Neuralgia of the sciatic nervesciatica—is the most common form of neuralgia met with in surgical practice.

It is chiefly met with in adults of gouty or rheumatic tendencies who suffer from indigestion, constipation, and oxaluria—in fact, the same type of patients who are liable to lumbago, and the two affections are frequently associated. In hospital practice it is commonly met with in coal-miners and others who assume a squatting position at work. The onset of the pain may follow over-exertion and exposure to cold and wet, especially in those who do not take regular exercise. Any error of diet or indulgence in beer or wine may contribute to its development.

The essential symptom is paroxysmal or continuous pain along the course of the nerve in the buttock, thigh, or leg. It may be comparatively slight, or it may be so severe as to prevent sleep. It is aggravated by movement, so that the patient walks lame or is obliged to lie up. It is aggravated also by any movement which tends to put the nerve on the stretch, as in bending down to put on the shoes, such movements also causing tingling down the nerve, and sometimes numbness in the foot. This may be demonstrated by flexing the thigh on the abdomen, the knee being kept extended; there is no pain if the same manœuvre is repeated with the knee flexed. The nerve is sensitive to pressure, the most tender points being its emergence from the greater sciatic foramen, the hollow between the trochanter and the ischial tuberosity, and where the common peroneal nerve winds round the neck of the fibula. The muscles of the thigh are often wasted and are liable to twitch.

The clinical features vary a good deal in different cases; the affection is often obstinate, and may last for many weeks or even months.

In the sciatica that results from neuritis and perineuritis, there is marked tenderness on pressure due to the involvement of the nerve filaments in the sheath of the nerve, and there may be patches of cutaneous anæsthesia, loss of tendon reflexes, localised wasting of muscles, and vaso-motor and trophic changes. The presence of the reaction of degeneration confirms the diagnosis of neuritis. In long-standing cases the pain and discomfort may lead to a postural scoliosis (ischias-scoliotica).

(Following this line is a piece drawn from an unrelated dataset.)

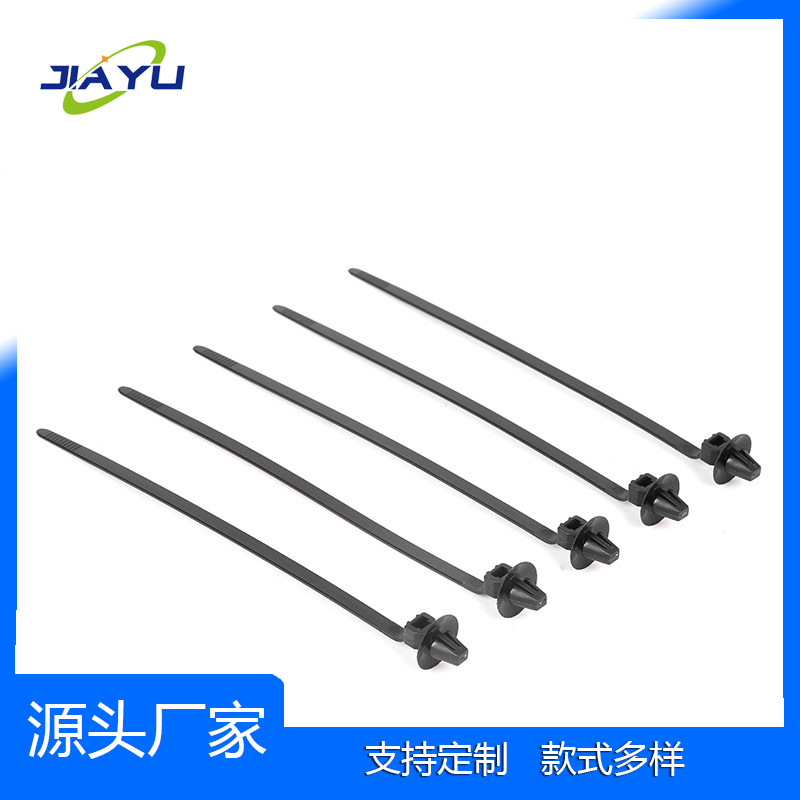 汽车尼龙扎带通贝黑白色插销式固定钢卡扣塑料阻燃捆绑扎带扎绳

Diagnosis.—Pain referred along the course of the sciatic nerve on one side, or, as is sometimes the case, on both sides, is a symptom of tumours of the uterus, the rectum, or the pelvic bones. It may result also from the pressure of an abscess or an aneurysm either inside the pelvis or in the buttock, and is sometimes associated with disease of the spinal medulla, such as tabes. Gluteal fibrositis may be mistaken for sciatica. It is also necessary to exclude such conditions as disease in the hip or sacro-iliac joint, especially tuberculous disease and arthritis deformans, before arriving at a diagnosis of sciatica. A digital examination of the rectum or vagina is of great value in excluding intra-pelvic tumours.

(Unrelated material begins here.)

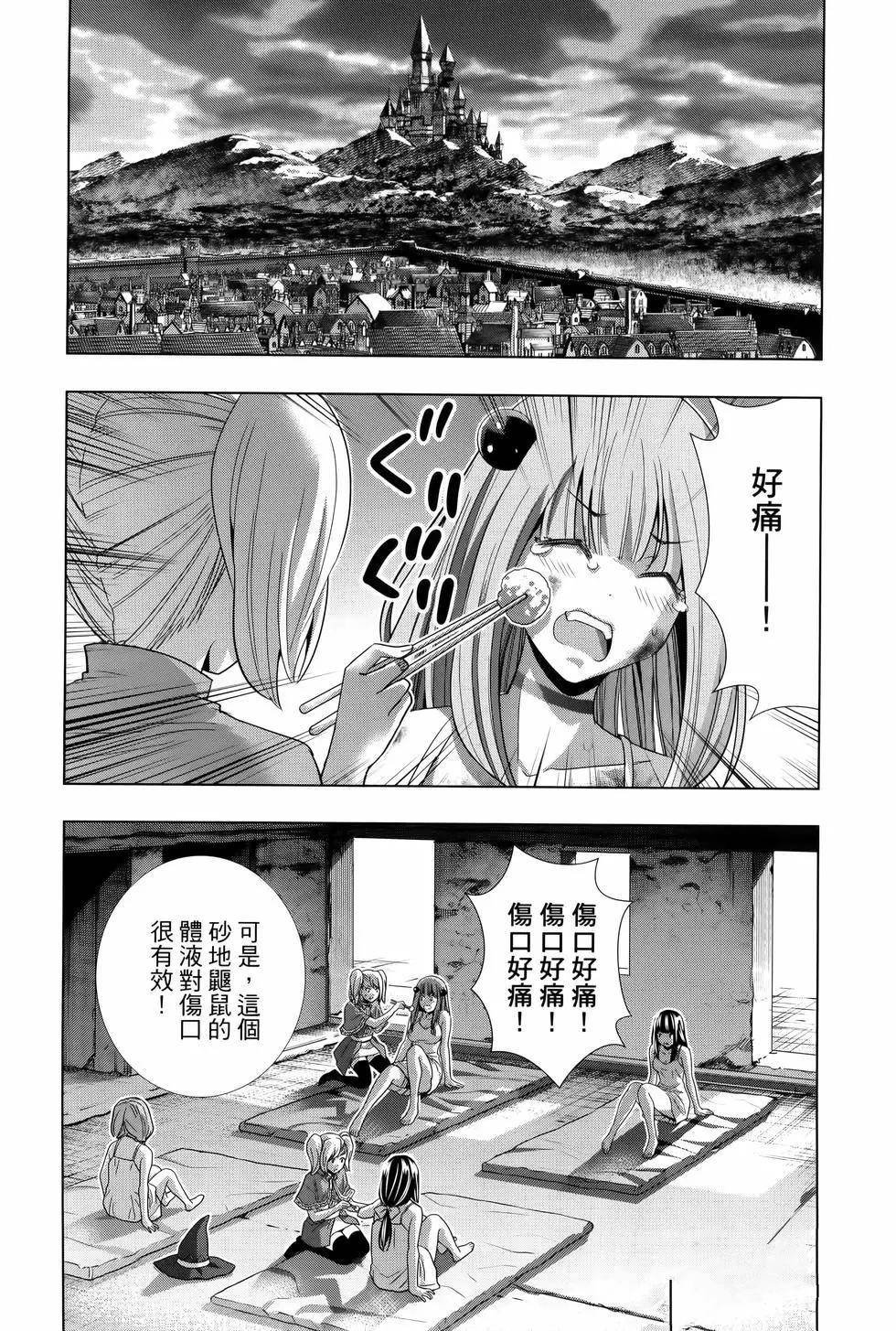 第10卷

Treatment is both general and local. Any constitutional tendency, such as gout or rheumatism, must be counteracted, and indigestion, oxaluria, and constipation should receive appropriate treatment. In acute cases the patient is confined to bed between blankets, the limb is wrapped in thermogene wool, and the knee is flexed over a pillow; in some cases relief is experienced from the use of a long splint, or slinging the leg in a Salter's cradle. A rubber hot-bottle may be applied over the seat of greatest pain. The bowels should be well opened by castor oil or by calomel followed by a saline. Salicylate of soda in full doses, or aspirin, usually proves effectual in relieving pain, but when this is very intense it may call for injections of heroin or morphin. Potassium iodide is of benefit in chronic cases.

Relief usually results from bathing, douching, and massage, and from repeated gentle stretching of the nerve. This may be carried out by passive movements of the limb—the hip being flexed while the knee is kept extended; and by active movements—the patient flexing the limb at the hip, the knee being maintained in the extended position. These exercises, which may be preceded by massage, are carried out night and morning, and should be practised systematically by those who are liable to sciatica.

Benefit has followed the injection into the nerve itself, or into the tissues surrounding it, of normal saline solution; from 70–100 c.c. are injected at one time. If the pain recurs, the injection may require to be repeated on many occasions at different points up and down the nerve. Needling or acupuncture consists in piercing the nerve at intervals in the buttock and thigh with long steel needles. Six or eight needles are inserted and left in position for from fifteen to thirty minutes.

In obstinate and severe cases the nerve may be forcibly stretched. This may be done bloodlessly by placing the patient on his back with the hip flexed to a right angle, and then gradually extending the knee until it is in a straight line with the thigh (Billroth). A general anæsthetic is usually required. A more effectual method is to expose the nerve through an incision at the fold of the buttock, and forcibly pull upon it. This operation is most successful when the pain is due to the nerve being involved in adhesions.